EXERCISE DETAILS:
Begin at the line containing "Γάντια μηχανής ALPINESTARS" and restate it and each line after it exactly, up to and including the last line below. Leave pictures out.

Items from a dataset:
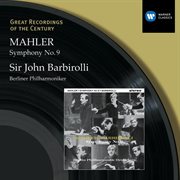Mahler : symphony no.9 cover image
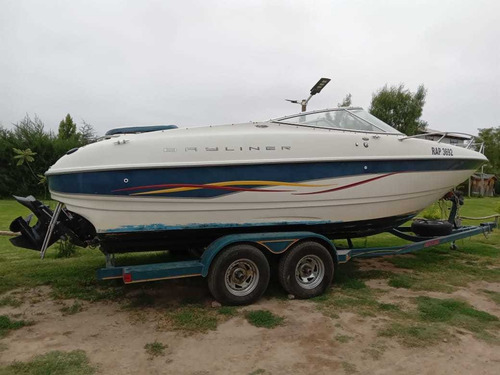 Imagen 5 de 15 de Lancha Bayliner 232 Capri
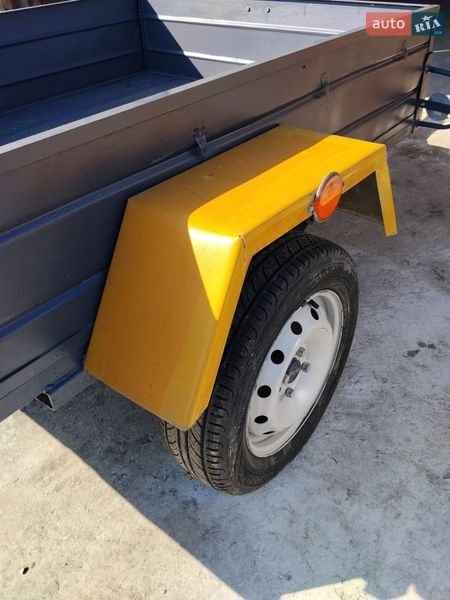 Борт Лев 183180 2018 в Днепре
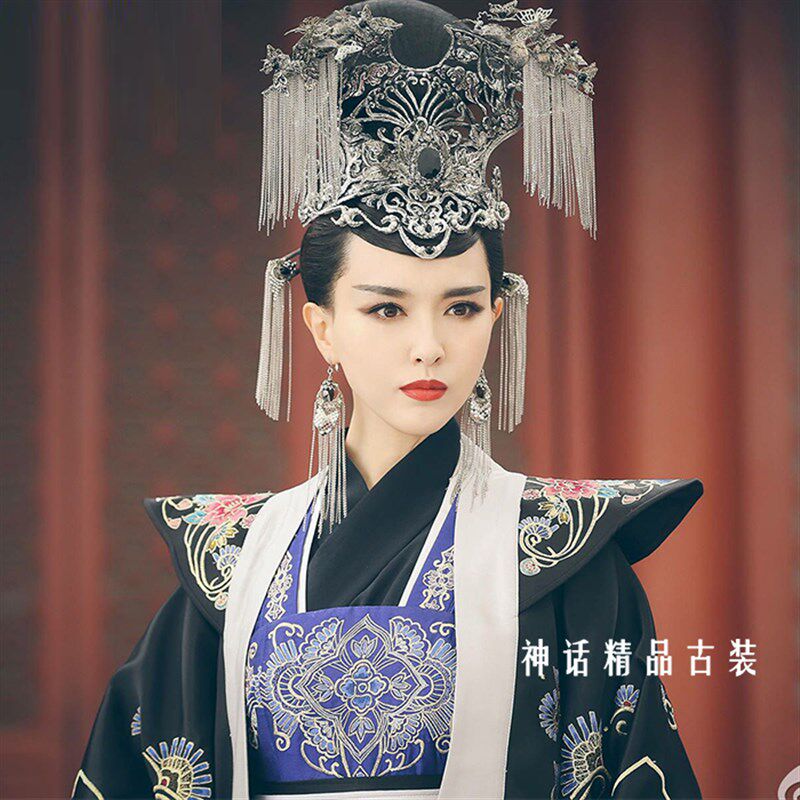 极速影视戏剧服装锦绣未央唐嫣李未央同款演出古装奢X华皇后太后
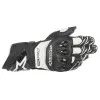 Γάντια μηχανής ALPINESTARS GP PRO R3 BLACK/WHITE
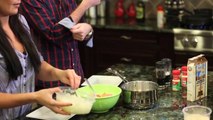 Jenni JWoww Makes Turkey Meatballs & Quinoa Pasta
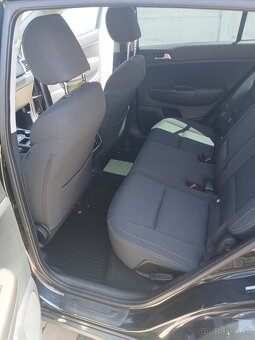 Kia sportage 2.0Crdi 4x4 - 7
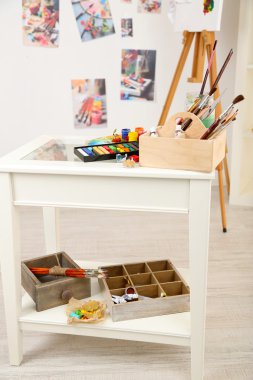 Profesyonel Sanat Atölyesi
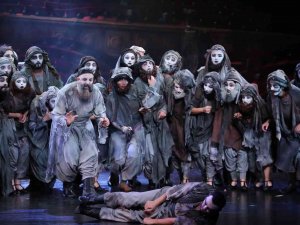 Antalya Şehir Tiyatrosu’nda 830 Kişilik İki Yeni Tiyatro Sahnesi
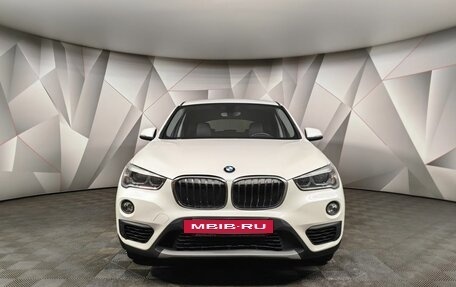 BMW X1, 2018 год, 2 850 000 рублей, 3 фотография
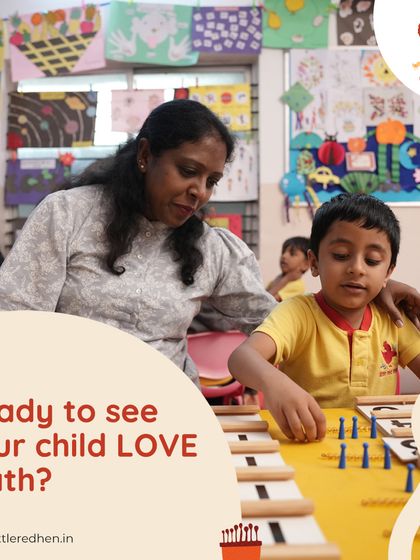 Ready to see your child love math? We turn numbers into magic with hands-on learning tools like these peg boards, making math exciting, creative, and rewarding for every child.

ANSWER BELOW:
 Γάντια μηχανής ALPINESTARS GP PRO R3 BLACK/WHITE
 Jenni JWoww Makes Turkey Meatballs & Quinoa Pasta
 Kia sportage 2.0Crdi 4x4 - 7
 Profesyonel Sanat Atölyesi
 Antalya Şehir Tiyatrosu’nda 830 Kişilik İki Yeni Tiyatro Sahnesi
 BMW X1, 2018 год, 2 850 000 рублей, 3 фотография
 Ready to see your child love math? We turn numbers into magic with hands-on learning tools like these peg boards, making math exciting, creative, and rewarding for every child.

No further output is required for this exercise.